When you’re working on a monolithic system and automate tests for it — which you’re supposed to — the time it takes to run the whole suite grows proportionally with the size of the system. In a significantly large system, the whole run might take many hours or a few days to complete.
There are several reasons we automate tests. At the very least, they give us confidence that our latest changes haven’t broken anything. The less time it takes to confirm that, the sooner we can release the brain space occupied by those changes and move to the next thing.
If that feedback loop takes a few hours to return the results though, that creates multiple problems.
First, you can’t completely release the brain space about the latest changes you did because you’re not yet sure they haven’t broken something. That means a part of your brain is still occupied by previous tasks and you can’t fully focus on the next task.

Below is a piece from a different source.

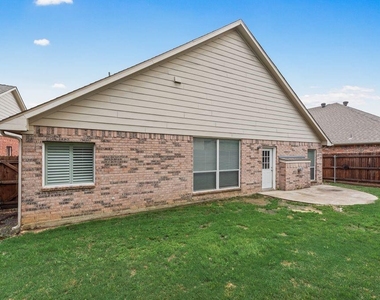 10441 Stoneside Trail - Photo Thumbnail 17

Second, even if you don’t care and release the brain space right after pushing your changes to the repository, if you actually break something, as soon as you find out about that, you need to stop whatever the next thing you’re working on, and get back to fix a regression.
Depending on how long it takes to run the whole suite in your particular case, it might be later in the day, the next day, or even the next week.
The larger a monolithic system becomes, the more likely it is that changes to the codebase will break a thing or two. That’s because most monolithic systems are big balls of mud where almost every subsystem knows about and interacts with almost every other subsystem. Clear boundaries is another problem microservices solve.
Given you’re working on a typical monolithic system and you’re pushing changes almost daily, your changes are very likely to break something. And hence at some point, you’ll reach a state of constant interruptions caused by having to fix the regressions you introduced hours or days ago.
Imagine a scenario where you learn about regressions on the second day after pushing the changes causing those regressions. That means you have to remember whatever you had in your mind when changing code two days ago. And imagine that happening on a more or less regular basis. Like a couple times a week. Not a great situation to be in.
Another benefit of the confidence provided by automated tests is being able to deploy to production whenever there’s something worth deploying. When test automation is done properly and hence catches regressions, a passing suite means nothing we expect to break broke and hence we can deploy to production.
And we do get that benefit when a system we work on is relatively fresh and small. But since most successful projects don’t just stop and enjoy their success, the system constantly keep evolving. And that means that eventually the system will grow so much that the whole suite of tests will inevitably start taking hours to complete. Give it a few more months or years in that direction, and it might start taking days.
And if we stay loyal to the idea of only deploying to production the changes that are passing, each deployment will be delayed by as long as it takes to run the whole suite. If it takes a couple days to complete — which is not the worst case in the real world — that means we can’t deploy anything we’ve implemented or fixed today.
It might be okay if it only means delaying deployment of new features, but it’s not that simple. It also affects deploying bug fixes because you can’t ever be sure that a bug fix you’ve just pushed doesn’t introduce another bug by breaking some other remote part of the system.
And not being able to right away deploy fixes for bugs you know affect some of your customers is just sad. It’s especially sad when you already have a fix but you can’t deploy it because of the fear of breaking something else.
Microservices to the Rescue
These problems get automatically solved by microservices just by the virtue of most microservices being much smaller than monoliths.
Test suites of most microservices are likely to take at most a few minutes to complete. Even if you have a relatively big microservice, it’s very unlikely its suite of tests will take longer than an hour to run.
That means that once you’ve pushed a change to the codebase of a typical microservice, you can get a confirmation of not introducing a regression, unload the context from your brain, and move on to the next task — all in a matter of minutes.
It also means that if you have a bug in a microservice, you can investigate, fix, and deploy the fix to production in a matter of minutes. Sure, some bugs take longer to figure out, but once you have figured it out and added or modified a test to confirm the bug, you can fix it, rerun the whole suite of tests, and deploy right away.
Another nice side effect of microservices when it comes to tests is that you’re less likely to break a distant part of a codebase that you have no clue about but have to figure out to fix a regression you’ve introduced. You’re actually likely to know the whole codebase of an averagely sized microservice you’re working on.